This piece was written for a short story contest with the following constraints:
max 715 words, genre – Suspense, theme - Family Reunion, focus – a red scarf.
It won first place.
Cousin Katy was different from the rest of our family. She gave the appearance of beauty even though any individual feature was quite ordinary. Maybe it was her attitude; she seemed to expect admiration from everyone. Every year the aunts speculated about what outlandish outfit Katy would wear to the reunion. We knew we could count on her to surprise us, and count on the cousins to tease her mercilessly. Except for Cousin Malcolm, but he wasn’t a blood relative. He was a step-child Aunt Miranda got in her latest marriage. His eyes followed Katy’s every movement.
The year Katy came with her hair dyed green (“I did it for St. Pat’s and decided I liked it,” she explained), Malcolm ventured to comment that the color looked good on her. I don’t think Katy heard him, because that was when the other cousins tried to dump a bucket of Gatorade on her head.
When Katy came in a slinky cat-suit, Malcolm commented that she sure had the figure for it. But the other cousins were chasing her around the yard, barking like dogs and yelping “here, kitty, kitty,” so she didn’t hear.
Last year, when the cousins played keep away with Katy’s big flowered hat, Malcolm tried to retrieve it for her. Unfortunately, he fell off the barn roof and broke his leg. He was whisked off in an ambulance while Katy was being chased by cousins waving pots they insisted would make better hats.

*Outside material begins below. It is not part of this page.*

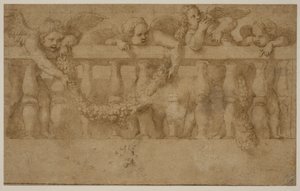 Fyra bevingade putti dekorerar en balustrad med girlanger av Giulio Romano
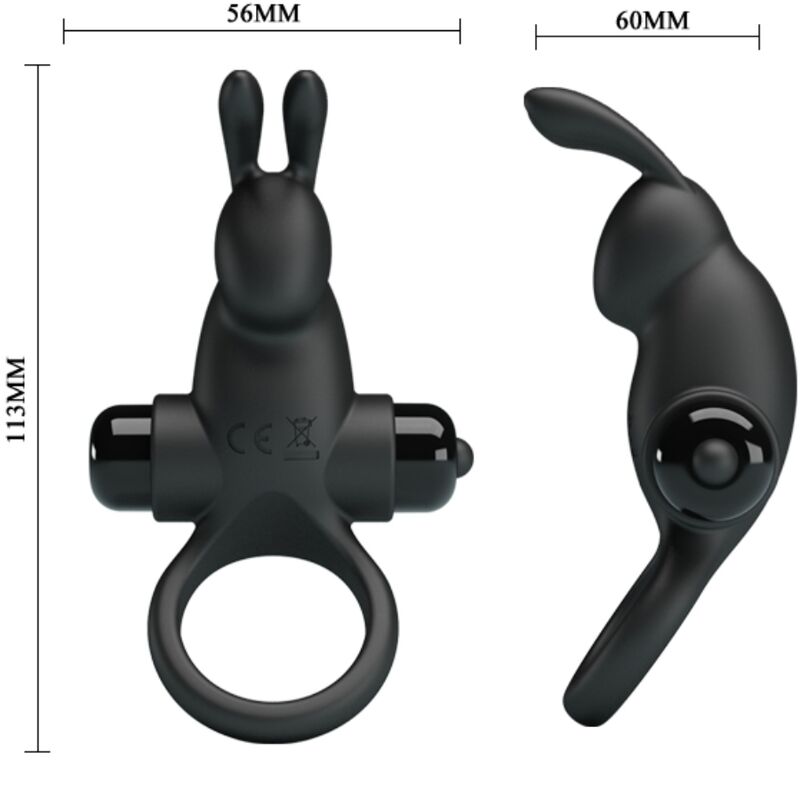 PRETTY LOVE - VIBRATING RING + RABBIT CLITORIS STIMULATOR 10 VIBRATIONS BLACK - slika 3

This year Miranda confided in me that she was worried about Malcolm. His college grades were dropping. “He did perk up a bit for the reunion, though,” she added, “although I can’t see why – he never participates in anything.”
I thought I had an inkling. But no one listens to a maiden aunt.
Katy was late, as usual, so she could make an entrance. This year her flamboyance was shown in a vivid red silk scarf. Even with a loop hanging almost to her waist, the trailing ends fell past her knees. I suppressed a brief shiver as I remembered Isadora Duncan dying wearing a scarf like that. It got caught in the wire hubcaps of a car she was riding in and strangled her. I shook my head to banish that memory. The scarf was an excellent contrast to Katy’s hair, which this year was dyed black with blonde tips and spiked all over. I think the kids called it a “hedgehog” style. She had on flowing white trousers and a black tank top and ballet flats. At least her outfit was more suited to a picnic and to the running she was sure to do.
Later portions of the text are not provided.